Resistin Concentration in Early Sepsis and All-Cause Mortality at a Safety-Net Hospital in Riverside County

Abstract

Background: Sepsis mortality has remained unchanged for greater than a decade, and early recognition continues to be the most important factor in mortality outcome. Plasma resistin concentration is increased in sepsis, but its mechanism and clinical relevance is unclear. As one function, resistin interacts with toll-like receptor 4 in competition with lipopolysaccharide, a main component of the gram-negative bacterial cell wall. It is not known if the type of infection leading to sepsis influences resistin production. The objective of this study was to investigate whether 1) early plasma resistin concentration can predict mortality, 2) elevated plasma resistin concentration is associated with clinical disease severity scores, such as SOFA, mSOFA and APACHE II, and 3) plasma resistin concentrations differ between gram negative versus other etiologies of sepsis.

Methods: This was an exploratory study in the framework of a prospective observational design. Peripheral venous blood samples were obtained from subjects admitted to the intensive care unit at clinical recognition of sepsis (0 hour) and at 6 and 24 hours. Vasopressor utilization was not a requirement for inclusion. Plasma was analyzed for resistin concentration by ELISA. Cytokine concentrations including IL-6, IL-8, and IL-10 were determined by cytokine bead array. Cytokine data were evaluated against publicly available sepsis RNA expression datasets to compare protein versus RNA expression levels in predicting clinical disease state. Clinical data were collected from electronic health records for clinical severity index calculations and context for interpretation of resistin and cytokine concentrations. Subjects were followed up to 60 days, or until death, whichever came first. Statistical analysis was completed with R package and SPSS software.

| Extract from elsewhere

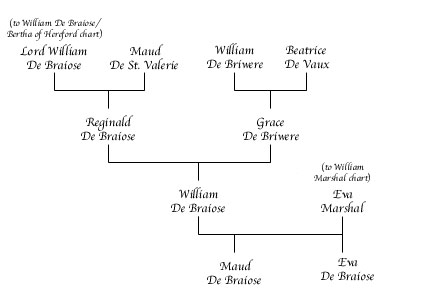 William de Braiose (1230)/Eva Marshal Chart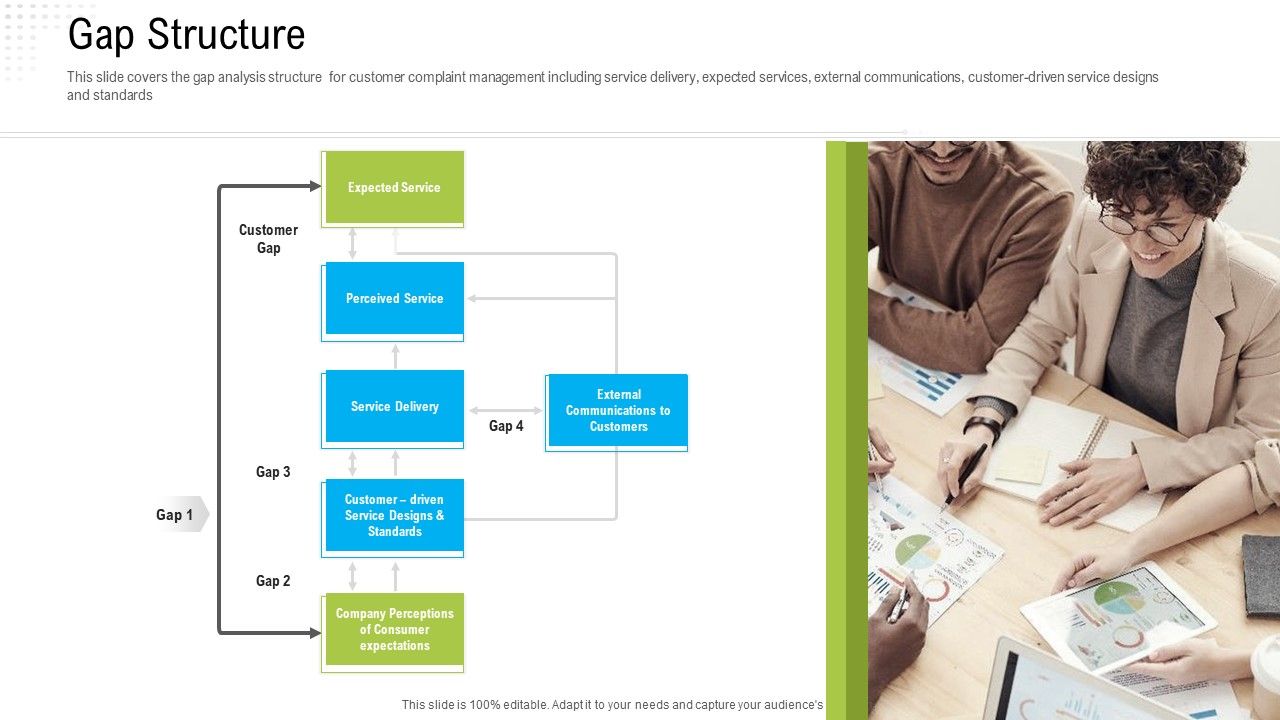 Robotization_In_Issues_Management_Gap_Structure_Ppt_Gallery_Infographics_PDF_Slide_1.jpg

Results: Resistin levels were elevated in subjects admitted to the intensive care unit with sepsis. Four-hundred subjects were screened with 45 subjects included in the final analysis. Thirteen of 45 patients were non-survivors. Mortality within 60 days correlated with significantly higher resistin concentrations than in survivors. A resistin concentration of >126 ng/mL at clinical recognition of sepsis and >197 ng/mL within the first 24 hours were associated with mortality within 60 days with an area under the curve of 0.82 and 0.88, respectively. Most subjects with resistin concentration greater than these threshold values were deceased prior to 30 days. Resistin concentrations correlated with SOFA, mSOFA, and APACHE II scores in addition to having association with increases in inflammatory and sepsis biomarkers. These associations were validated with analysis of RNA expression datasets.

Conclusion: Plasma resistin concentrations of >126 ng/mL at clinical recognition of sepsis and >197 ng/mL within the first 24 hours of clinical sepsis recognition are associated with all-cause mortality. Resistin concentration within this timeframe also has comparable mortality association to well-validated clinical severity indices of SOFA, mSOFA, and APACHE II scores.

Keywords: gram-negative; mortality; resistin; sepsis.

Figure 1

Flow diagram of subject enrollment and outcome. T₀ = clinical recognition of sepsis; T_24-high = highest measured resistin concentration within 24 hours of clinical sepsis recognition. *Two non-survivors within 30 days and 1 non-survivor within 60 days had polymicrobial infections including GN bacteria. One non-survivor within 30 days was transitioned to comfort care.

Figure 2

Correlation analysis of immune and clinical parameters. Circle size and saturation of color indicate the strength of the correlation; the color shows the direction of the relationship, with positive being green, negative being black. Multiple test correction was used the method of false discovery rate (FDR) and only the pair correlation with FDR < 0.05 presented circles.

Figure 3

(A) Expression of genes coding for resistin, IL6, and IL8 in patients with different sepsis outcomes (GSE54514). (B) Protein levels of resistin (0, 6 and 24h), IL6 and IL8 (0h) in our dataset. (C) Correlations of genes coding for IL-6 and resistin in GSE54514 GEO (left panel) and plasma protein levels of IL-6 and resistin as reported in this study (right panel). Also see: http://immunodb.org/sepsis/.

Figure 4

Resistin association with all-cause mortality. (A and B). Circulating resistin concentration (ng/mL) at T₀ and at T_24-high in sepsis survivors (S) and non-survivors (NS). (C) Kaplan-Meier curves for all-cause mortality stratified for resistin concentration threshold of > 126 ng/mL at T₀, and (D) stratified for resistin concentration threshold T_24-high of > 197 ng/mL. ***p<0.001; ****p<0.0001.